Angriffslustiger Fisch in Badeweiher Laut Experten 'absolute Seltenheit'Von Andrea Kümpfbeck Kempten Schwimmende Menschen mag er nicht in seinem Weiher. Deshalb hat jetzt wohl auch sein letztes Stündchen geschlagen. Das letzte Stündchen eines kapitalen Hechts, der im Kemptener Bachtelweiher lebt. Dort hat er den Bademeister so kräftig in den linken großen Zeh gebissen, dass die Wunde mit drei Stichen genäht werden musste. Als 'absolute Seltenheit' bezeichnen Experten diesen Raubfisch-Angriff. Denn Hechte würden sich normalerweise ganz schnell aus dem Staub machen, wenn ihnen badende Menschenzehen entgegengestreckt werden.
Der Kemptener Bachtelweiher ist Manfred Probsts zweite Heimat. Jeden Tag geht der Rentner dort schwimmen. Als 'ehrenamtlicher Bademeister', wie er sagt, kümmert er sich zudem seit fast 20 Jahren um das Wohl der Badegäste, der Enten, Schwäne und des Weihers. Am Dienstag, dem 13., hatte der 61-Jährige wegen des Datums schon den ganzen Tag ein schlechtes Gefühl, erinnert sich der ehemalige Apotheken-Ausfahrer.
Jener 13. wird ihm nun auch in schmerzhafter Erinnerung bleiben: Als er die letzte der acht Stufen ins Wasser hinunterstieg, verspürte er plötzlich einen stechenden Schmerz und sah in dem trüben Wasser gerade noch einen etwa 60 Zentimeter lange Hecht wegschwimmen. Der hatte ihn gebissen. In den linken großen Zeh. Und zwar gleich so stark, dass Probst und seine Freundin Annelies Greither die Blutung gar nicht stillen konnten. Im Krankenhaus wurde die Wunde mit drei Stichen genäht und Probst mit einer Tetanusspritze vor Infektionsfolgen geschützt.

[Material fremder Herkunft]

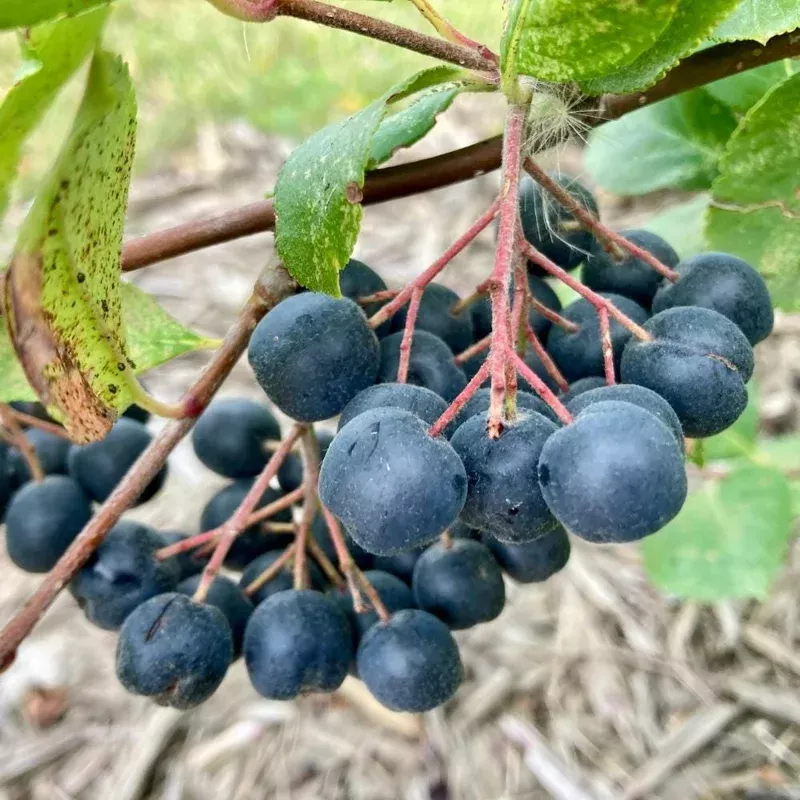 Viking Aronia Berry Live Plant, 6-12 Inches Tall, Chokeberry Shrub, Outdoor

Manfred Probst kennt den schuppigen Übeltäter ganz genau: 'Der steht jeden Tag in der gleichen Ecke im Schilf.' Und hat, wie Annelies Greither beobachtete, in diesem Sommer auch schon drei winzige Entenküken verspeist. 'Der Fisch kann nichts dafür', meint Probst. Deshalb ist er ihm trotz seines immer noch schmerzenden Zehs auch gar nicht böse. 'Das war einfach ein Reflex, als er meinen Zeh sah. Da hat er halt zugebissen.' Nur so kann sich auch der Fischerei-Fachberater des Bezirks Schwaben, Dr. Richard Wutzer, den Angriff erklären. 'Denn der Mensch ist kein Beutetier des Hechts.' Vielmehr stehen Fische, Frösche, Krebse und kleine Wasservögel auf seinem Speiseplan. Und der Zeh sei ihm nur in seine 'Reflexzone' geraten.
Täter wird gefangen
Auch der Fischexperte Hermann Schugg vom Kemptener Fischereiverein hat noch nie von menschenbeißenden Fischen in Allgäuer Badeseen gehört. Hechte würden als eine Art Gesundheitspolizei zwar die Weiher sauberhalten allerdings nicht von Menschenzehen, sondern von lahmen und kranken Fischen.
Ein Scherzkeks hat zwischenzeitlich ein Warnschild aufgestellt: 'Achtung, Danger. Menschenfressende Raubfische.' Der Vorsitzende des für den Bachtelweiher zuständigen Fischereivereins 'Eschacher Weiher', Walter Stockinger, will nun auf Nummer sicher gehen und den Täter per Angel aus dem Verkehr ziehen.